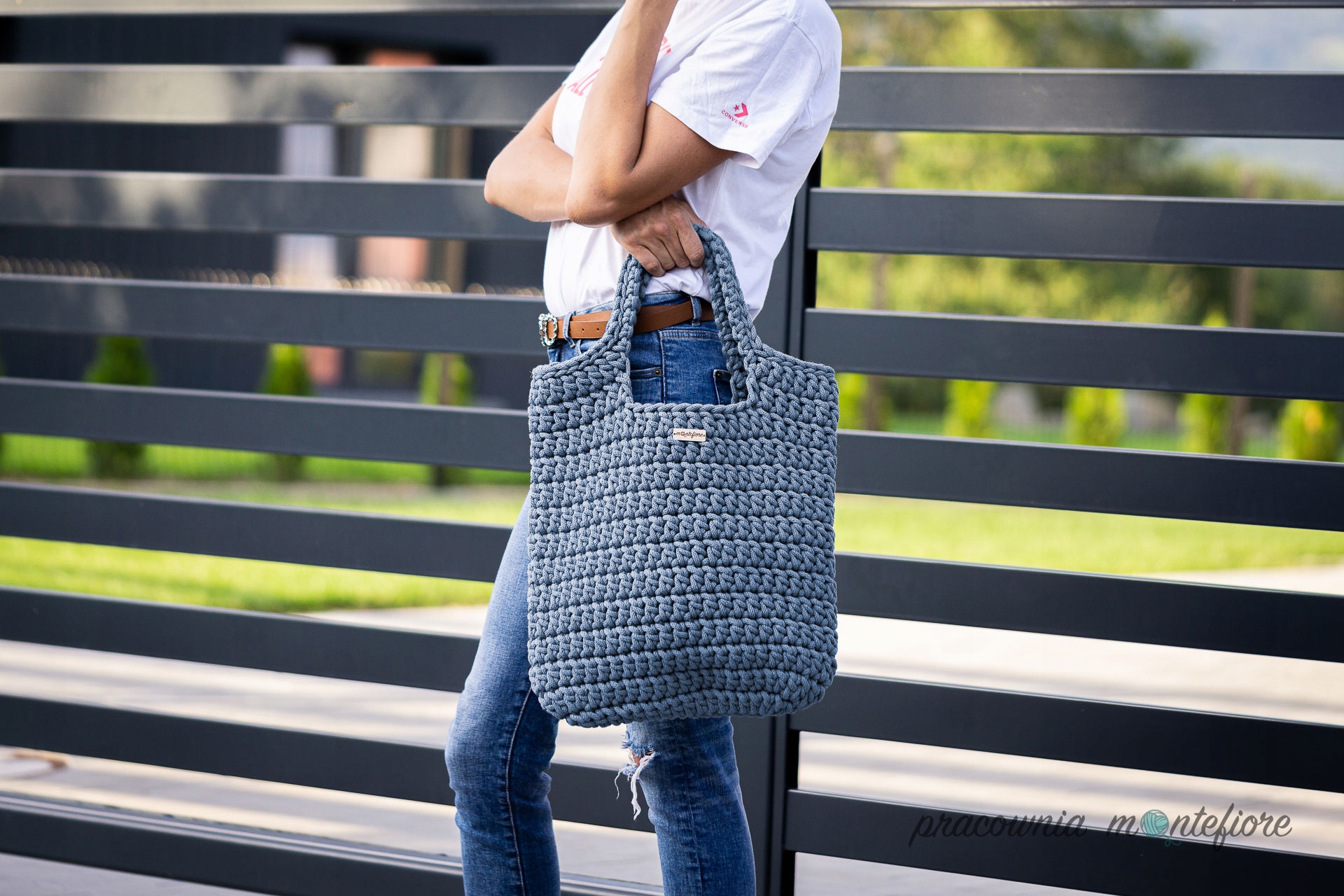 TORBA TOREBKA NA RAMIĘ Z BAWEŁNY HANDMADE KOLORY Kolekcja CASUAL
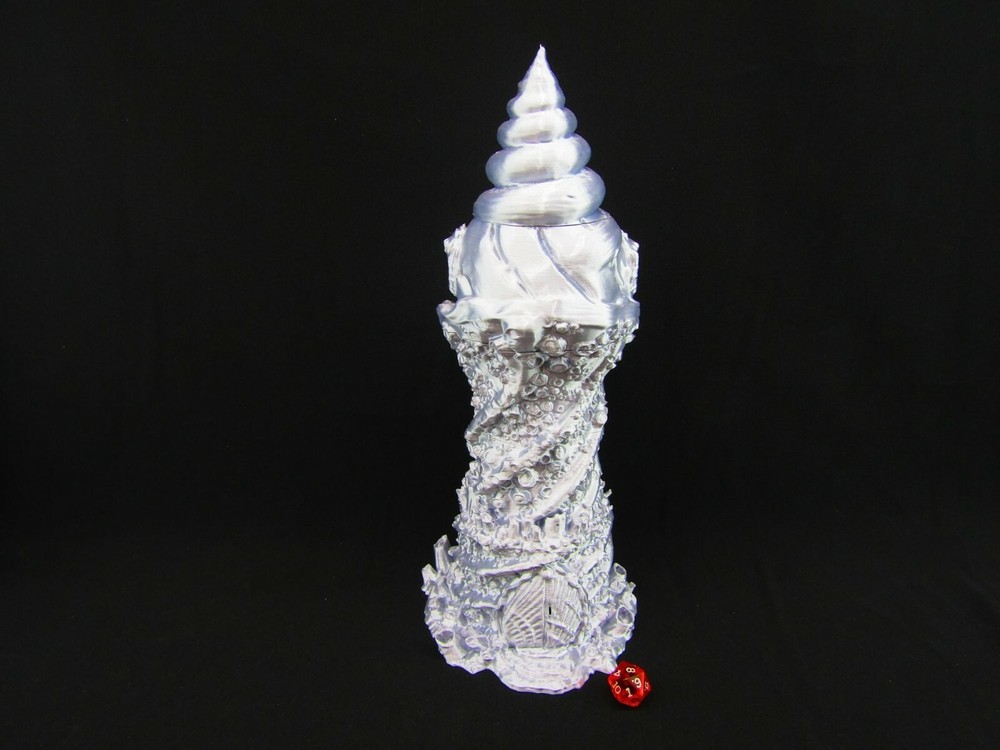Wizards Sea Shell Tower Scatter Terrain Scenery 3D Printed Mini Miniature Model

* * *

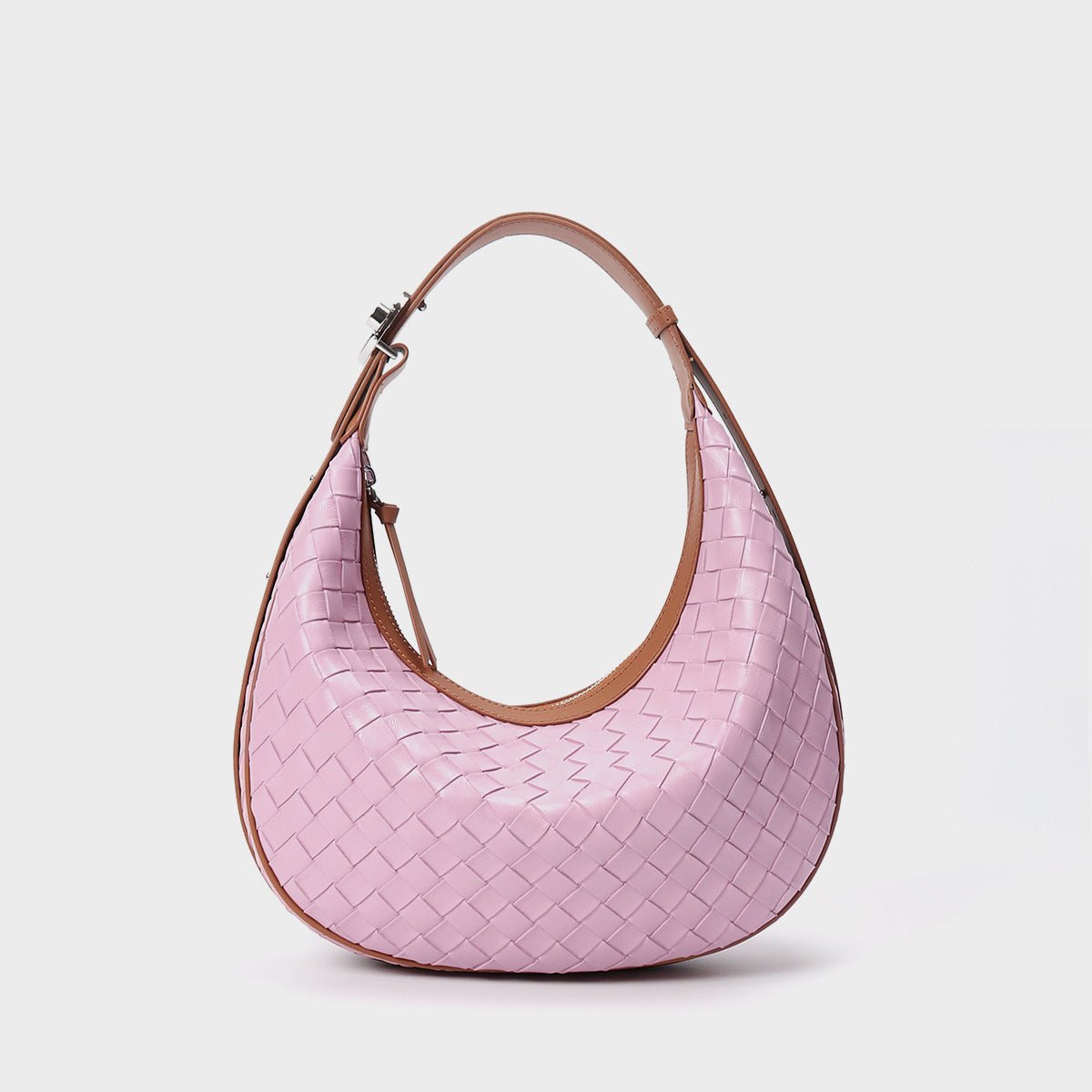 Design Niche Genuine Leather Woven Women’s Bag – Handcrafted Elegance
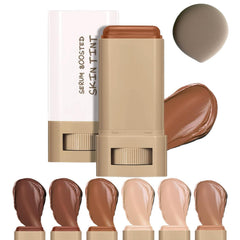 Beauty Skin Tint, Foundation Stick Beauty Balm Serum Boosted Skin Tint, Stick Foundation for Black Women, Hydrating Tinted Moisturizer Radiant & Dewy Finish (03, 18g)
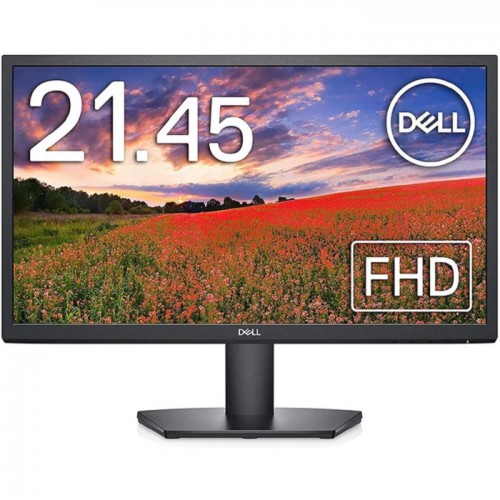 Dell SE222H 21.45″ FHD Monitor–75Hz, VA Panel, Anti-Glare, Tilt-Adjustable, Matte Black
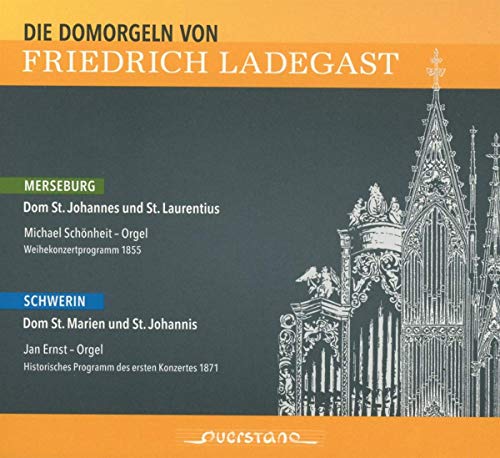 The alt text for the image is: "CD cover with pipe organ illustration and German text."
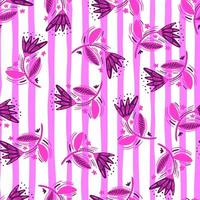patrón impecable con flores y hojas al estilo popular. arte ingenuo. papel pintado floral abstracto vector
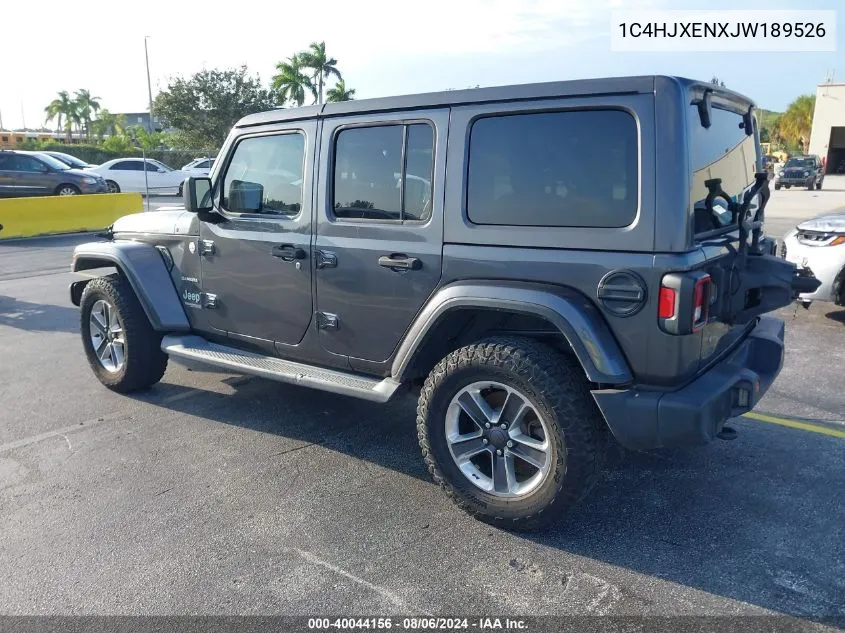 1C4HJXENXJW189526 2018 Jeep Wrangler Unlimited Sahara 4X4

## Requirement:
Above, find the line holding "TORBA TOREBKA NA" and the line holding "Wizards Sea Shell". Print exactly those two lines and every line between them, but no pictures.

## Solution to the exercise:
 TORBA TOREBKA NA RAMIĘ Z BAWEŁNY HANDMADE KOLORY Kolekcja CASUAL
Wizards Sea Shell Tower Scatter Terrain Scenery 3D Printed Mini Miniature Model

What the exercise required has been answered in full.